» **WHAT TO WORK ON**: Reproduce exactly, with no pictures, each line from the opening of the material down through the line containing "Snapshot of alex_alex140".

» **DATA**:
↓

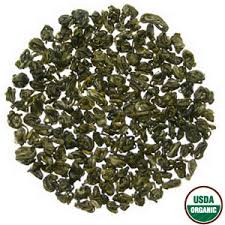 jade fire
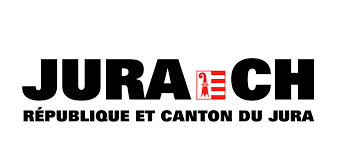 Entrer en relation avec le canton du Jura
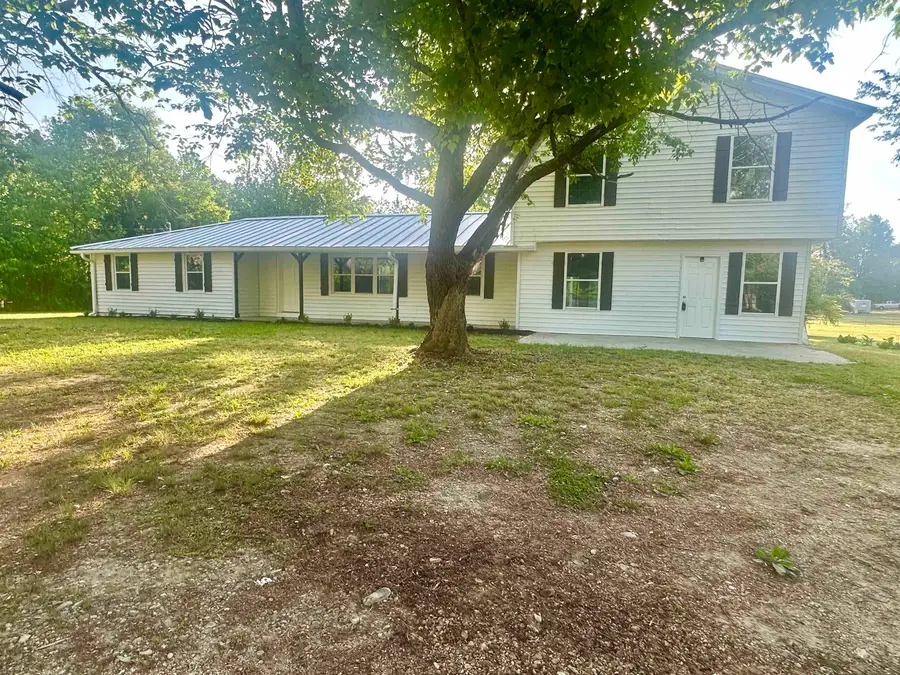 130 Co Rd 13, Florence, AL 35633 - #3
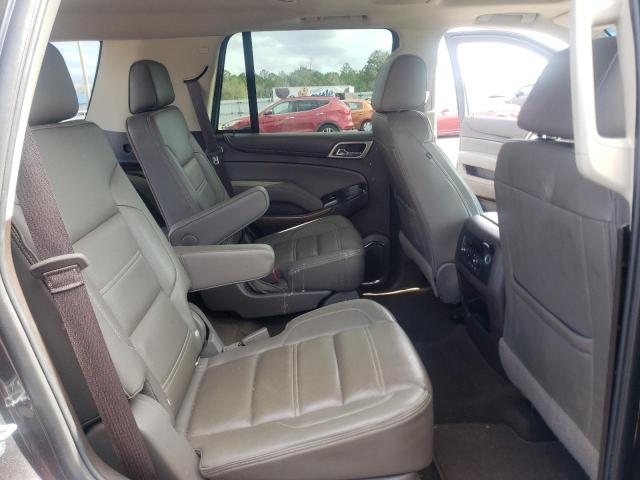 Photo 5 VIN: 1GKS2CKJ6JR289574 - GMC YUKON DENA 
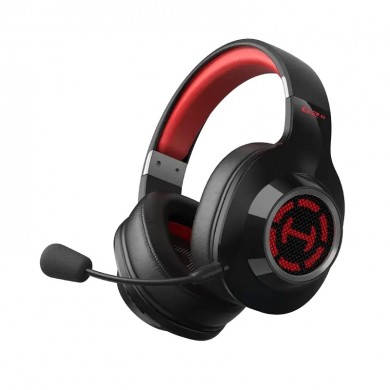 Casti Gaming Wireless Edifier G2 S, Black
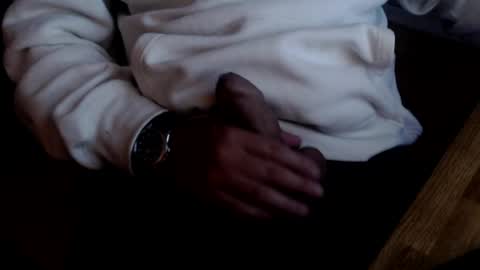 Snapshot of alex_alex140 chatting on April 2026 03:01:04 AM alex_alex140 online show from April 2026 03:01:04 AM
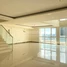3 Bedroom Apartment for sale at Condo for sale 公寓出售 Price 价格: 955,130$(Can negotiation) , Tuol Tumpung Ti Muoy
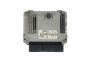 Controlador 0281013598 96820447 HA Chevrolet Bosch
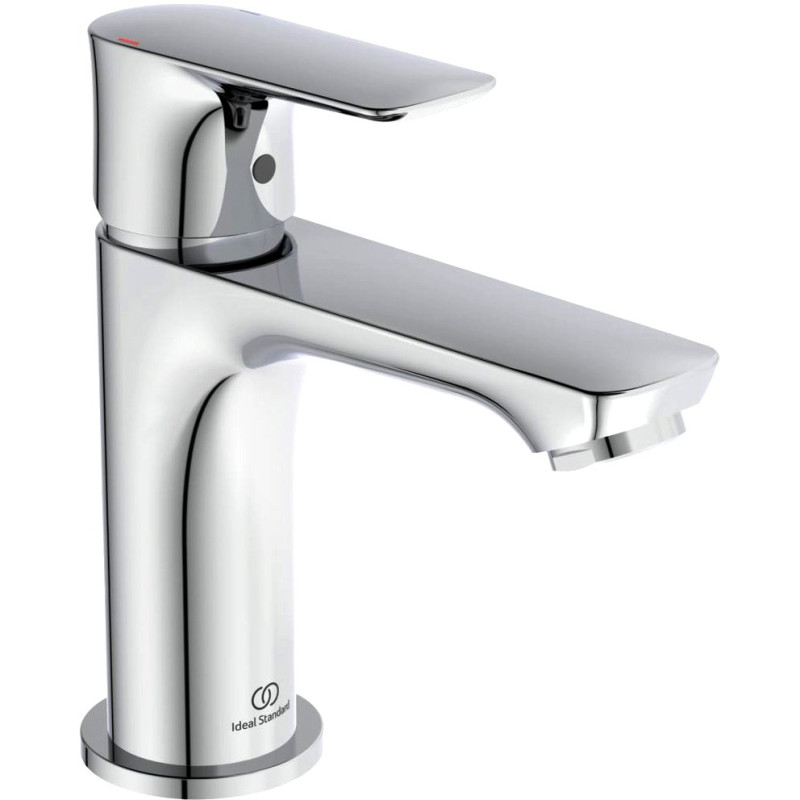 Смеситель Ideal Standard Connect Air A7010AA для раковины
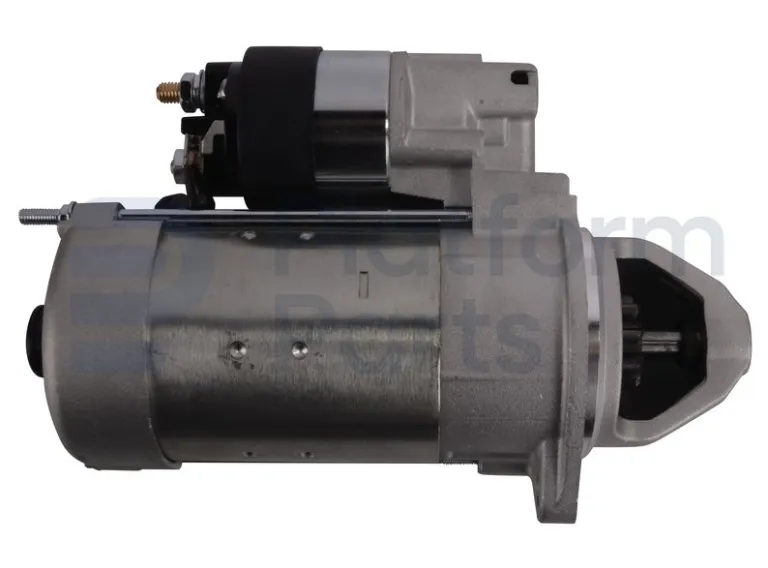 Starter - DST-9T12V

↑

» **WRITTEN REPLY**:
 jade fire
 Entrer en relation avec le canton du Jura
 130 Co Rd 13, Florence, AL 35633 - #3
 Photo 5 VIN: 1GKS2CKJ6JR289574 - GMC YUKON DENA 
 Casti Gaming Wireless Edifier G2 S, Black
 Snapshot of alex_alex140 chatting on April 2026 03:01:04 AM alex_alex140 online show from April 2026 03:01:04 AM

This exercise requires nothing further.